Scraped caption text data
◇ ◇ ◇ ◇ ◇
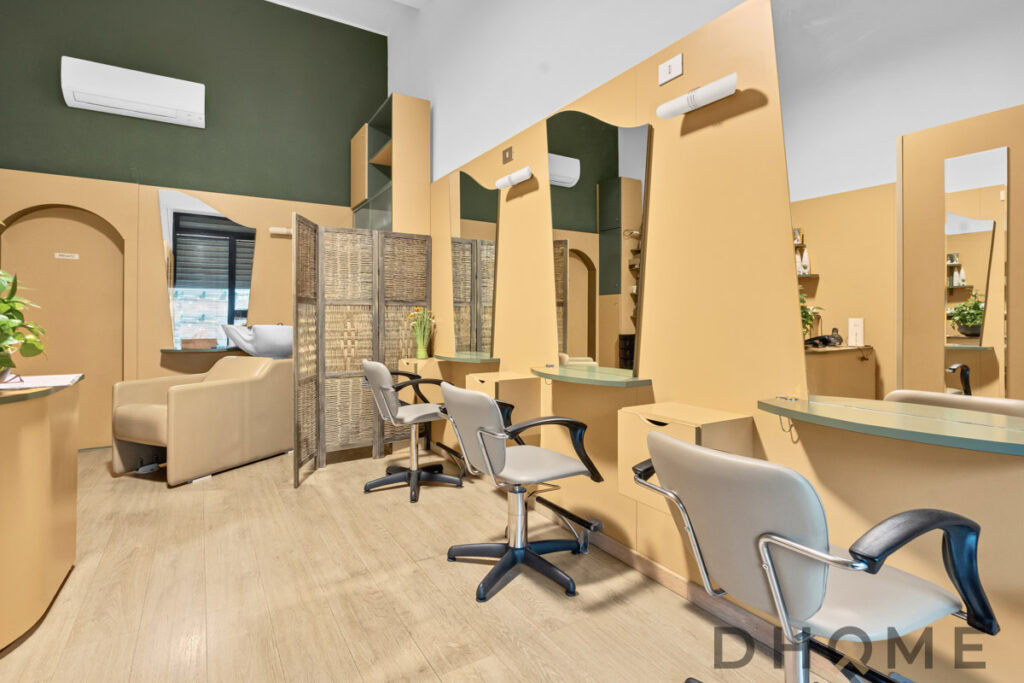 Salone di parrucchiere moderno con postazioni di lavoro e specchi.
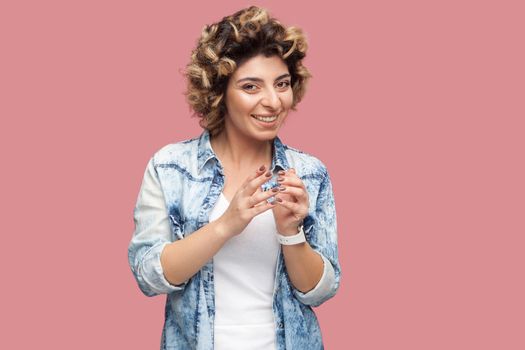Portrait of funny cunning young woman with curly hairstyle in casual blue shirt standing and looking at camera with toothy smile playful face. indoor studio shot, isolated on pink background.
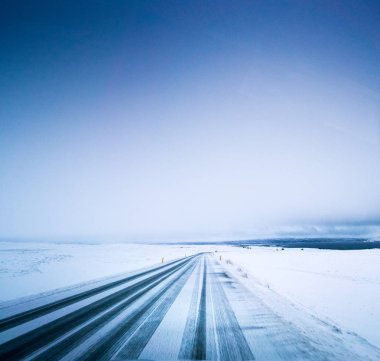 Kasvetli karlı manzara, yol ve fırtınalı gökyüzü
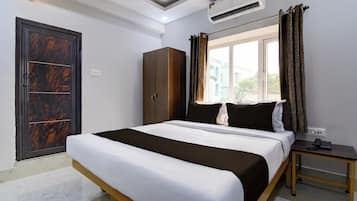 A hotel room with a bed, a wardrobe, a nightstand, an air conditioning unit, and a window with curtains.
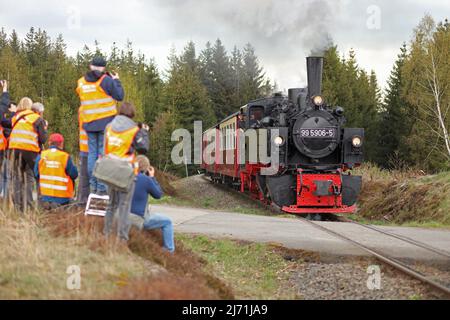 05 maggio 2022, Sassonia-Anhalt, Benneckenstein: I fotografi si trovano sulla linea ferroviaria vicino a Benneckenstein e attendono il treno speciale della Harzer Schmalspurbahn GmbH, trainato dalla locomotiva Mallet 99 5906. Si tratta dell'ultimo mazzetto operativo di questo tipo in esecuzione sull'HSB. A 104 anni di età, è ora in pensione. A partire da oggi, ci sarà una serie di viaggi speciali come tour di addio per la locomotiva a vapore. A partire da metà maggio, la locomotiva non sarà più utilizzata. Foto: Matthias Bein/dpa Foto Stock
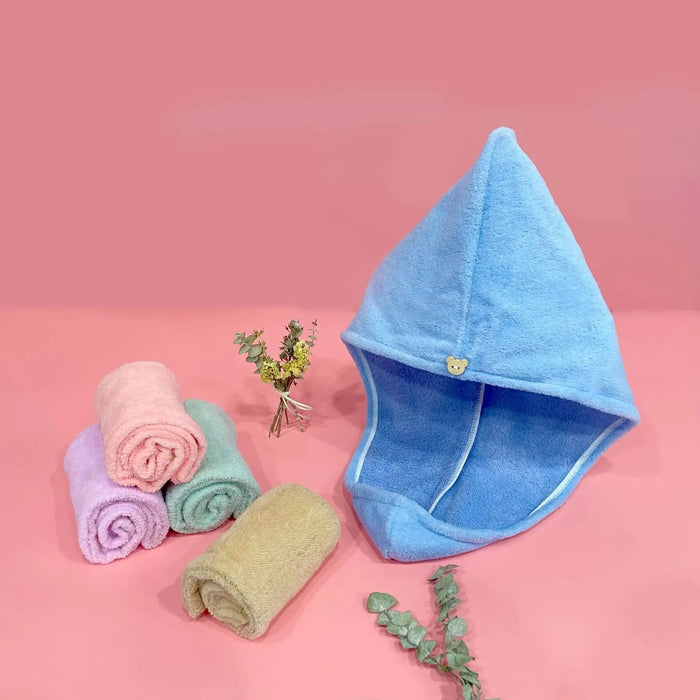 Blue hair towel wrap beside rolled towels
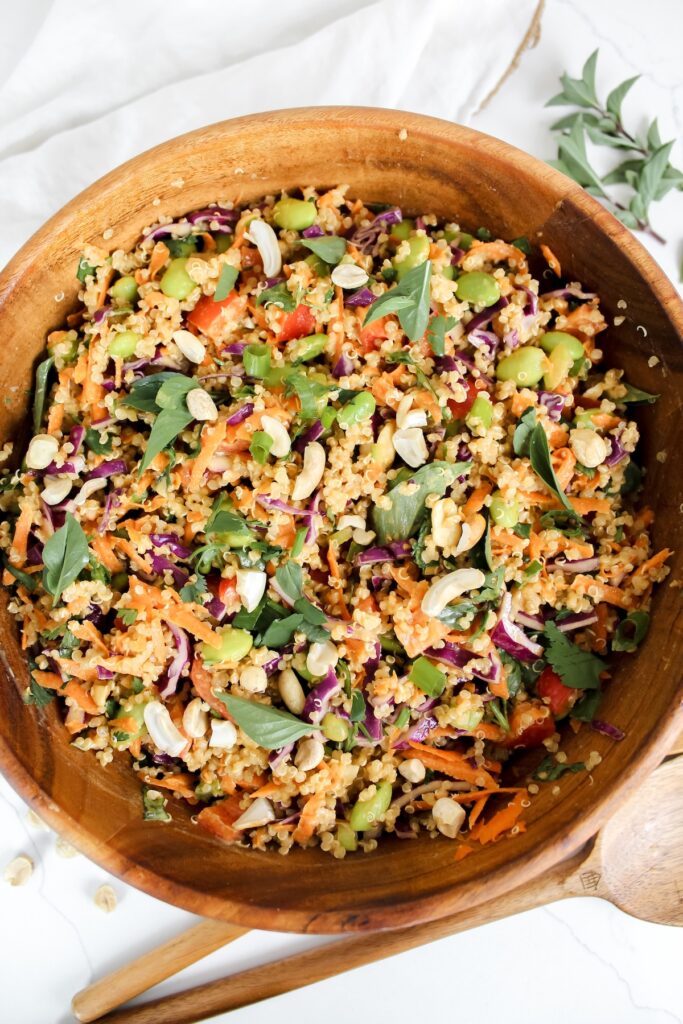 overview shot of wooden bowl with spicy thai peanut quinoa salad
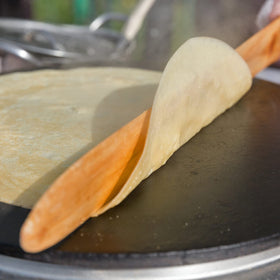 AsWeWixi 5-inch spreader helping consistent crepe thickness.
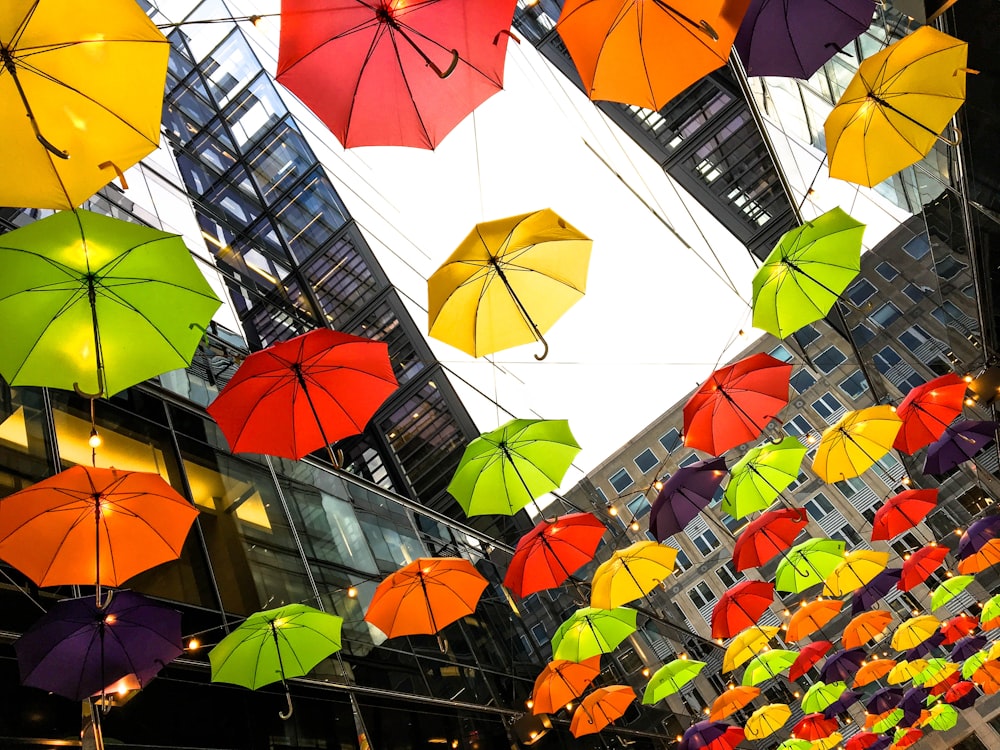 assorted-color umbrella lot near buildings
◇ ◇ ◇ ◇ ◇
=== Task objective ===
Repeat the records above exactly, without any pictures.

=== Answer section ===
 Salone di parrucchiere moderno con postazioni di lavoro e specchi.
Portrait of funny cunning young woman with curly hairstyle in casual blue shirt standing and looking at camera with toothy smile playful face. indoor studio shot, isolated on pink background.
 Kasvetli karlı manzara, yol ve fırtınalı gökyüzü
 A hotel room with a bed, a wardrobe, a nightstand, an air conditioning unit, and a window with curtains.
 05 maggio 2022, Sassonia-Anhalt, Benneckenstein: I fotografi si trovano sulla linea ferroviaria vicino a Benneckenstein e attendono il treno speciale della Harzer Schmalspurbahn GmbH, trainato dalla locomotiva Mallet 99 5906. Si tratta dell'ultimo mazzetto operativo di questo tipo in esecuzione sull'HSB. A 104 anni di età, è ora in pensione. A partire da oggi, ci sarà una serie di viaggi speciali come tour di addio per la locomotiva a vapore. A partire da metà maggio, la locomotiva non sarà più utilizzata. Foto: Matthias Bein/dpa Foto Stock
 Blue hair towel wrap beside rolled towels
 overview shot of wooden bowl with spicy thai peanut quinoa salad
 AsWeWixi 5-inch spreader helping consistent crepe thickness.
 assorted-color umbrella lot near buildings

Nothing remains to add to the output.